• [Task to carry out]:
Please print every record below exactly as it appears, but leave out the pictures.

(Image-caption web data)
········
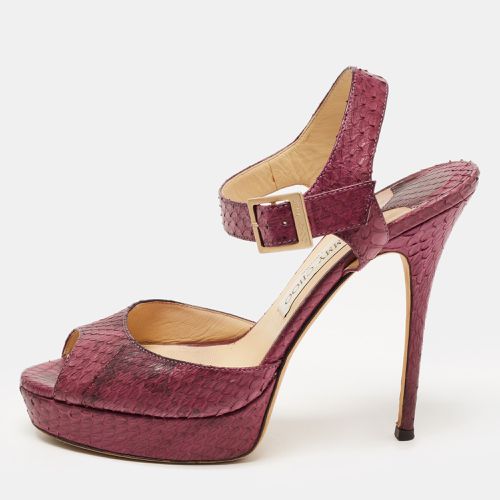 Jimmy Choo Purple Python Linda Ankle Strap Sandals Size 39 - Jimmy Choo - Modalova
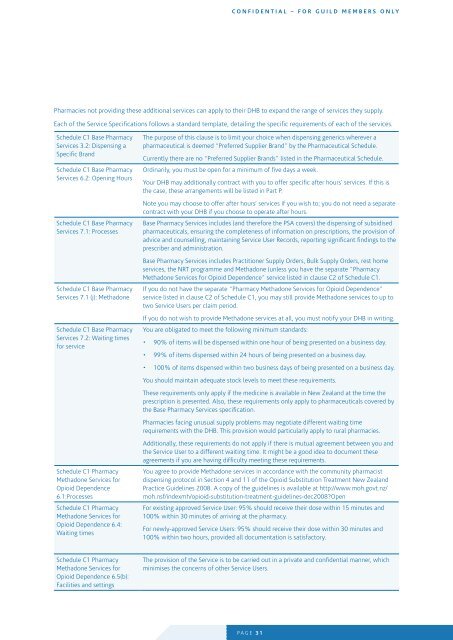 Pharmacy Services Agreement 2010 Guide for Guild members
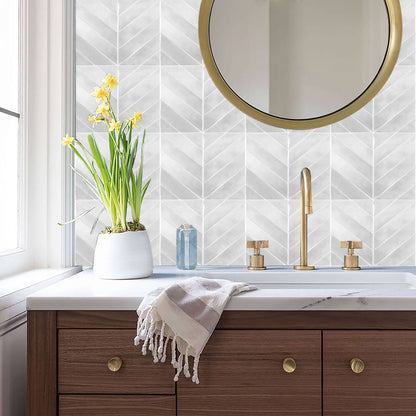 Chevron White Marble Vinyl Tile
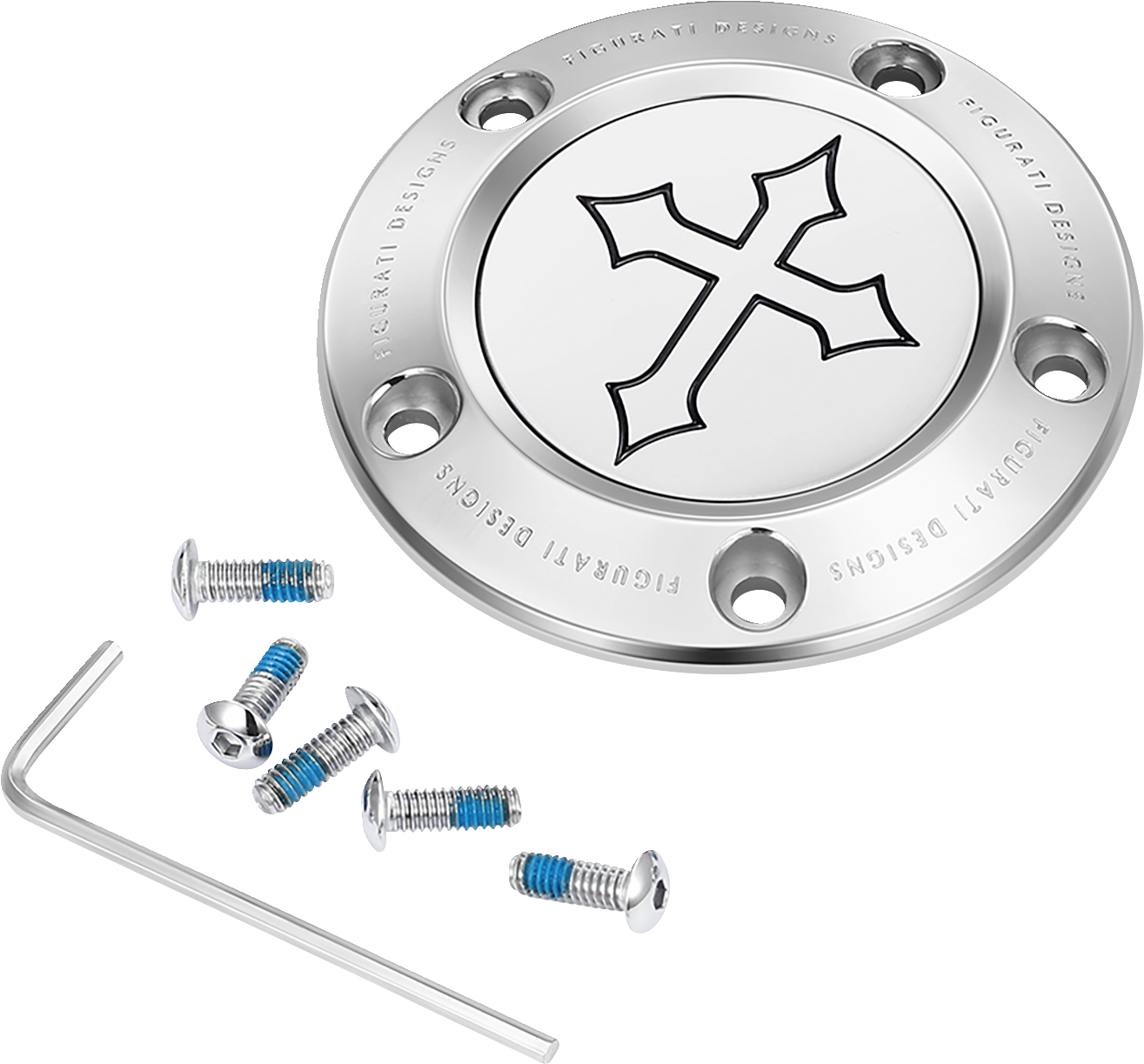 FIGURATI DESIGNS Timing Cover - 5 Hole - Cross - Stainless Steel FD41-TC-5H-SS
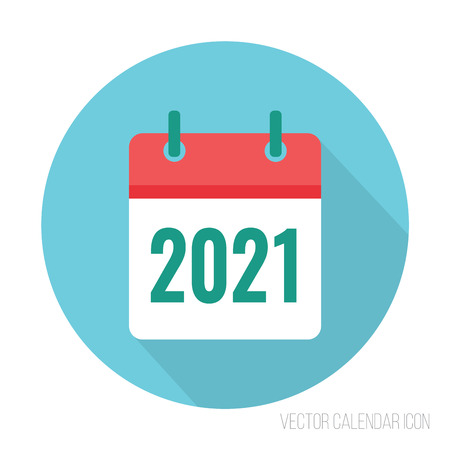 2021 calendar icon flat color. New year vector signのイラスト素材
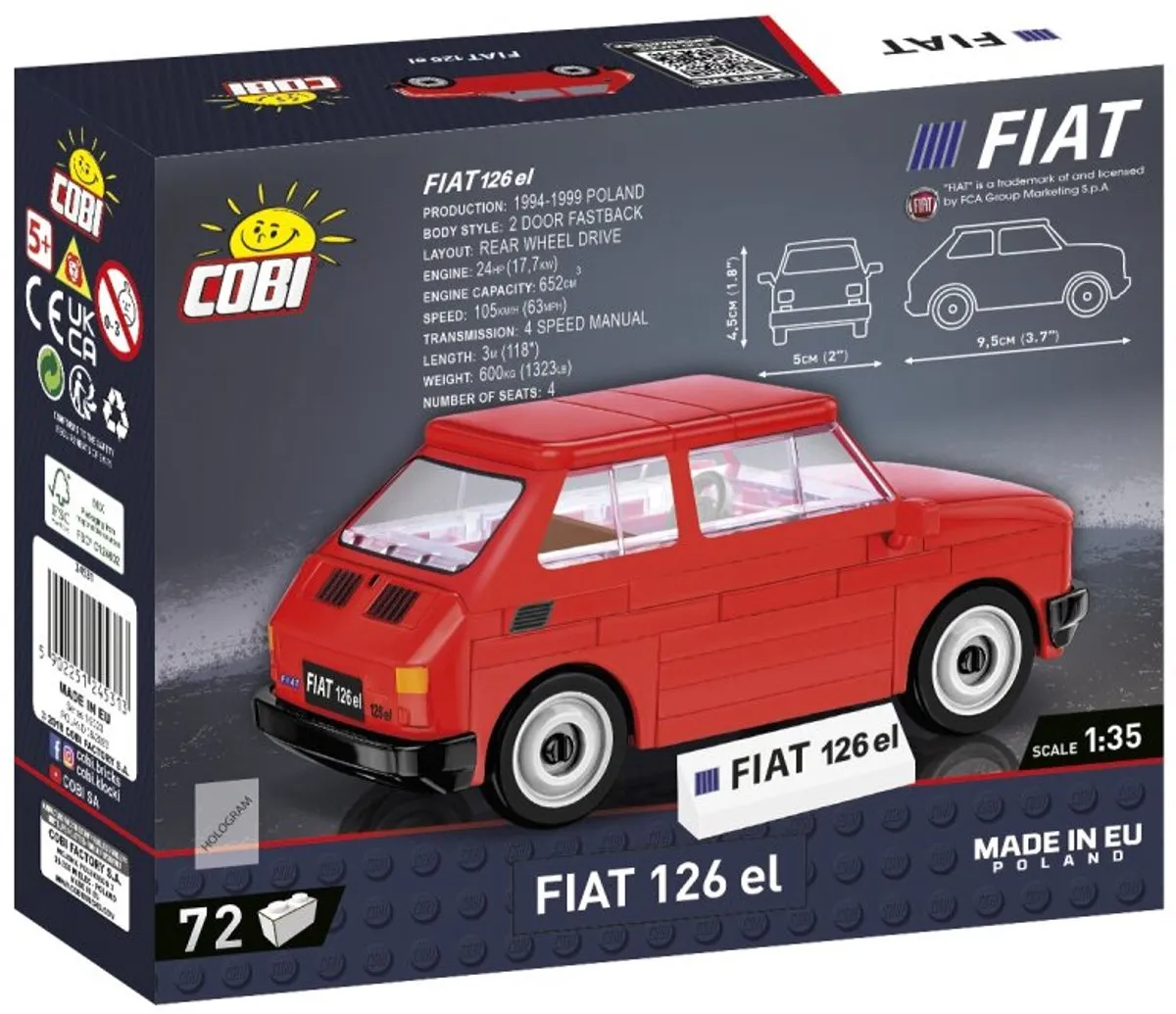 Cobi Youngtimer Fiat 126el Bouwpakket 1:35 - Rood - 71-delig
········
• [Task response]:
 Jimmy Choo Purple Python Linda Ankle Strap Sandals Size 39 - Jimmy Choo - Modalova
 Pharmacy Services Agreement 2010 Guide for Guild members
 Chevron White Marble Vinyl Tile
 FIGURATI DESIGNS Timing Cover - 5 Hole - Cross - Stainless Steel FD41-TC-5H-SS
 2021 calendar icon flat color. New year vector signのイラスト素材
 Cobi Youngtimer Fiat 126el Bouwpakket 1:35 - Rood - 71-delig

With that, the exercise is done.